At this elevation there is a lush grassland matrix with brush, cacti, and Piñon trees creating a Davis Mountains appearance. There is a series of 4×4 roads shown on the map which get you around to the various features on the ranch. An excellent well and a new hunting lodge with six private rooms, each with a private bath, make this a comfortable and functional hide-a-way.
This mountain range functions as a habitat island, with intermountain ridge lines and valleys serving as corridors for wildlife migration, especially between Texas and Mexico along the Rio Grande. Numerous bird species that are normally associated with the Rocky Mountains and/or Mexican Highlands are known to occur within this island of montane habitat. The climate and soils support a mix of desert and mountain vegetation from scrublands to grasslands, to pine and oaks woodlands. Grasses include side oats, blue, black, hairy, and chino grama as well as cane bluestem, green sprangle-top, tobosa, and many others. Along the canyon floors and especially on the north facing slopes there are juniper, piñon, and gray oaks. A variety of flowing plants and cacti provide habitat for migrating and resident birds, bats and butterflies.
This is truly a sky island habitat with unique plants and animals as higher rainfall in the mountains supports an isolated island of woodland habitat. Views of area mountains and grasslands of the Trans-Pecos as well as into Mexico are breathtaking.

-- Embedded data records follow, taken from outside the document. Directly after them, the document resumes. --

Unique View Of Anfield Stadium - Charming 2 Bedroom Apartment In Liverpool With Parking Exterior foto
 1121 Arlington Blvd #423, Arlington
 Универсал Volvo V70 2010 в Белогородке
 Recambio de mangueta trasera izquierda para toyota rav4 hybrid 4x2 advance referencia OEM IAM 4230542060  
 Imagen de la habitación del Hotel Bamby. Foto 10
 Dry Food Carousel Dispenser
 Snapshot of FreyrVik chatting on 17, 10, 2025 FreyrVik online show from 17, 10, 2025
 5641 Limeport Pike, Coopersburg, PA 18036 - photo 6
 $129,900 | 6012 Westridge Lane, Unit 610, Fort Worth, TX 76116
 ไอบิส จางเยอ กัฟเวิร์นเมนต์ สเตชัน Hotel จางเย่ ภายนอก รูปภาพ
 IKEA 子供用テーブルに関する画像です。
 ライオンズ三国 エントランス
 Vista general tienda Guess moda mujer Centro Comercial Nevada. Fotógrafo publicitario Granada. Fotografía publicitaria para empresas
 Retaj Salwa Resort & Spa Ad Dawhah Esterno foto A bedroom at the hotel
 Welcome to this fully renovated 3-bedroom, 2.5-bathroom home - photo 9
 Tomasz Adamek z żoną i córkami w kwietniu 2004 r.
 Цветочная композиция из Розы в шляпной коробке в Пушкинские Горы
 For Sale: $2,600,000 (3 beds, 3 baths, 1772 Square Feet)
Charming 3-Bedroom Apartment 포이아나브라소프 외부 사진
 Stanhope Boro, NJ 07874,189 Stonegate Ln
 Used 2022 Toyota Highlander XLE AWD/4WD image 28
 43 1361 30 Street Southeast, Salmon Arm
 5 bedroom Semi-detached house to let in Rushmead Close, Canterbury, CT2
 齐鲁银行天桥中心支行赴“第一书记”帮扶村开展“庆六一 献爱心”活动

This is big mule deer country and the ranch has been carefully managed over the past 10 years to improve the herd and maximize the potential for growing large mature bucks. Blue quail and dove populations are tremendous and create great hunting opportunities. There is also a population of elk located in the Eagle Mountains and they are seen occasionally on this ranch. Native trees, brush, and grasses provide excellent habitat for these game species and many native birds and other non-game animals. Desert big horn sheep have been seen nearby in this mountain range and over time are expected to expand in the Eagles.
Other wildlife include fox, javelina, coyote, eagle, mountain lion, bobcat, songbirds, hummingbirds, Gambel’s quail, and an amazing diversity of reptiles, invertebrates and mammals, making this a very special place to see and experience the various Chihuahuan Desert wildlife species.
Eagle Piñon Ranch lodge is a metal 60 x 60 building built on a concrete slab divided into common space and separate sleeping quarters. A 10 foot deep covered porch surrounds the entire structure, providing shade in summer. Large metal shutters can be easily lowered and locked when the lodge is unoccupied. The unique design is perfect for a hunting camp that can accommodate large groups or an entire family. A state-of-the-art 48 volt electricity system is powered by solar panels and a wind turbine. With no power lines to/from the property, this “off grid” system ensures low cost of operation while providing the comforts of a typical large home, including full electricity throughout, power for the water well, washer/dryer, televisions, microwave, etc. Propane is used for heating, hot water, and to power an 11kW backup generator on the property. A water well near the HQ is pumped to an elevated storage tank and provides water to the lodge as well as outside troughs for wildlife. There are also a few guzzlers designed after the Desert Big Horn Society water catchment systems scattered on the ranch to provide year-round water for game.